I, too have often wondered if all the things I do are stupid, and if I was just pushing my luck. But then I think what a waste my life would be if I just stayed home and ended up dying of cancer, or got killed in a car wreck on the way to a desk job. It happens. I figure I will just weigh the risks and try to do it all as safe as possible. Even with the right routes, planning, people, and gear, I know there is no guarantee. Still, I would rather live life and go out doing what I love than sit back and wait for life to pass by.


----------



## eastcreek (Feb 27, 2006)

""We just had a baby the day before I decided to go run Esca this year. That was me upside down in the gorge and it hasn't gotten any easier since...""



Please tell me I didn't read your note correctly. Did you do boating the day after your partner had a BABY?! Or did you decide to go boating?

If it is the first, yes your head is screwed on wrong and you might want to rethink your parenting role. If it is the second, you may still want to rethink your role a bit.


----------



## GoodTimes (Mar 9, 2006)

rg5hole said:


> Now I get a feeling of relief when I stomp a big one, not exhilaration. That my friends is NOT WORTH IT.


That's what I'm talking about.....lately that's the feeling that has dominated....even before the tragedies of this season and last. DAMN I love runnin' the stuff and that feeling of exhilaration.....but it's been more relief.....maybe it'll come back, maybe it won't. But I certainly don't worry about it because I know the same feeling can be achieved by taking my wife down a IV+ that she's been dreaming of running.......that's even MORE exhilarating to me. And the thought of taking our kids someday???? Even better.

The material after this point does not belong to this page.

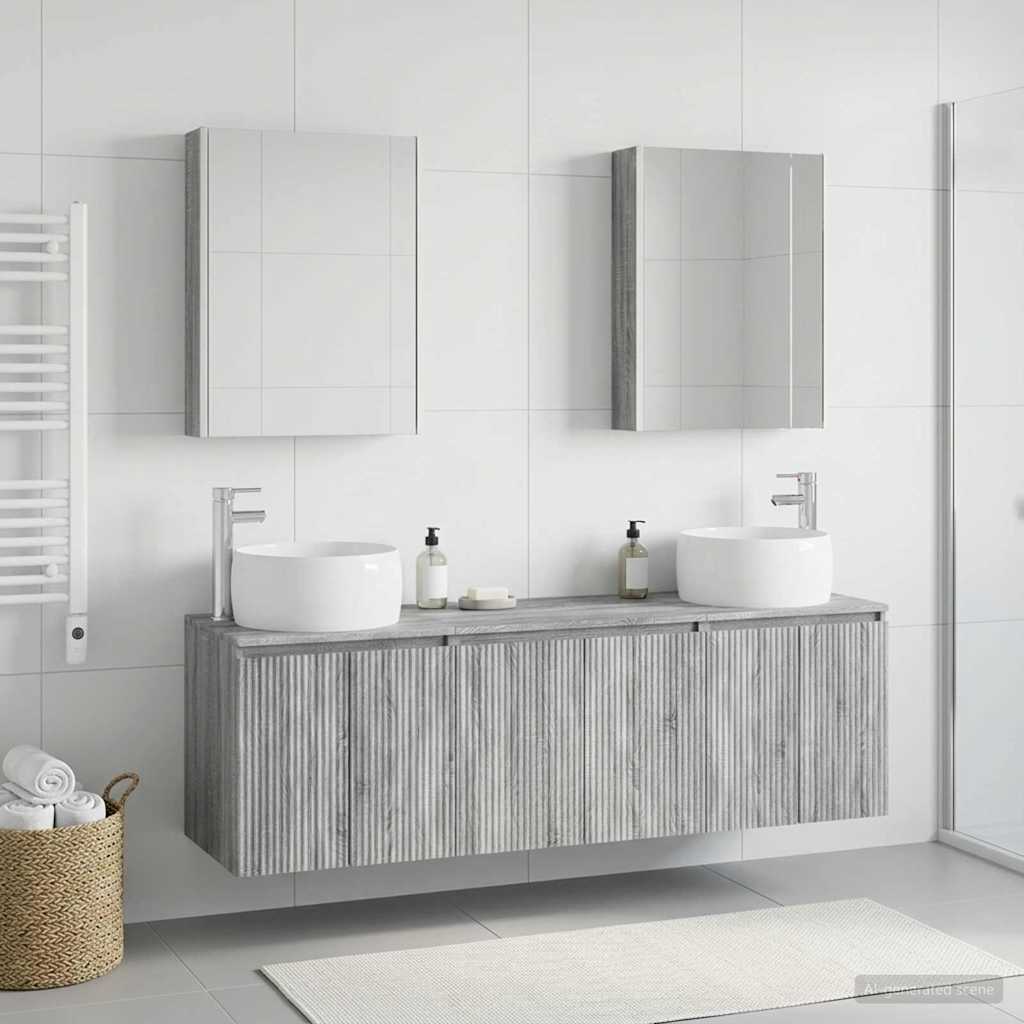 vidaXL Bathroom Cabinet Set 5 pcs Grey Sonoma Engineered Wood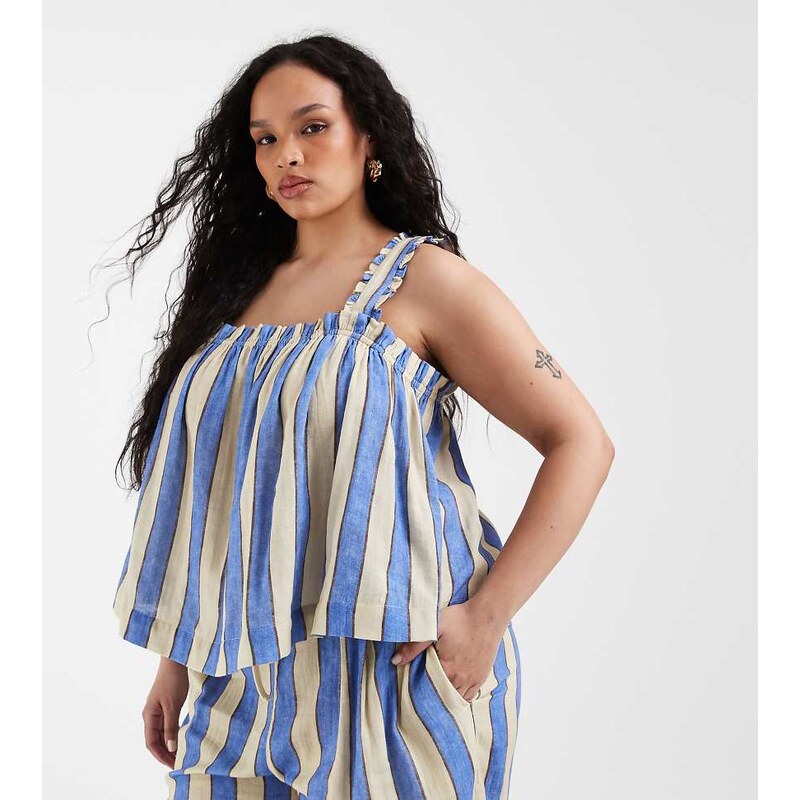 ASOS Curve ASOS DESIGN Curve Delilah stripe beach cami top in blue 114385197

As for running Esca the day after your kid was born....I don't think you have a screwed up head. I'm fairly confident my wife would have shoved me out the door....."no sense in you staying home with me while the kid is on the tit...nothing you can really do"...... I love my wife. (Yes, she really has said that).


----------



## BarryDingle (Mar 13, 2008)

"A life without risks,is a life not worth living"

Baaah!


----------



## nicoleg (Nov 14, 2003)

I really appreciate blutski's post. I've thought about this topic as much as anyone, imagined reading the tribute threads, attending my husband's funeral. I haven't a lot of experience with death but what strikes me is the finality of it. The loss that those family members left behind will feel for the rest of their lives while everyone else moves on. Sounds real cool to say, "at least he died doing what he loves" and not in a car wreck or whatever. Please don't say those words to me, if the time ever comes. It's utter bullshit. Is that what a mother tells her child as she grows up without a father?
Don't get me wrong- I know what I signed up for and I would never issue that ultimatum. Running class V is part of my husbands soul. I have to trust that he wants to see his liitle girl grow up and that he will make the right decisions. But then someone like the Count dies and I realize, Jesus, that's Nick 4 yrs ago- I can't make up some excuse as to how the same thing couldn't happen to him. It's so fucking arbitrary and unfair.
I have no answers that's for sure. 
I intend to raise my daughter on rivers, they run in our blood. I agree with what someone alluded to in another post- running rivers builds character in a way no other activity can parallel. I know that it's worth the risk. Just be careful about tossing out the cool guy cliches.


----------



## Scottsfire (Aug 8, 2008)

Anything you do in life must be done with respect, but I think you should still do what you want. Other wise you look back on a life full of fears and sometime regrets only to have discovered...........you never lived.
Scotty V


----------



## yourrealdad (May 25, 2004)

Is it worth it? Only you can answer that question. In order to be a good class V boater I hope you ask your self that before you put on the river and when you run a drop. I hope that only you influence the decision of whether to run the drop or not. Does it take skill to be a class V boater? Yeah. Does it take balls or ovaries? Yeah. What rounds out a solid boater is the ability to make rational decisions based off of knowing who they are personally. 
If you look at MOST river deaths they are either A: Custies or ill-prepared/ill-knowledgeable people or B: Good boaters who are dealt a bad hand. Very rarely is it a good boater boating something they should have no business on. Because of that I say I would rather die in a freak kayaking accident than die in some accident not kayaking. Nicole I respect your opinion, but I had a friend die when his hotel room in Mexico leaked gas all night and killed him and his girlfriend in their sleep. That is unfair, I would have rather heard about how he died doing something he was passionate about. Does it mean I am happier about his death? No, but at least there would have been something noble and beautiful in the way he went. 
I also agree with Paul, if I died I would want my friends to charge hard for all the times that I won't be able to. Will it be easy for them? Probably not. But I hope they continue doing what we loved together.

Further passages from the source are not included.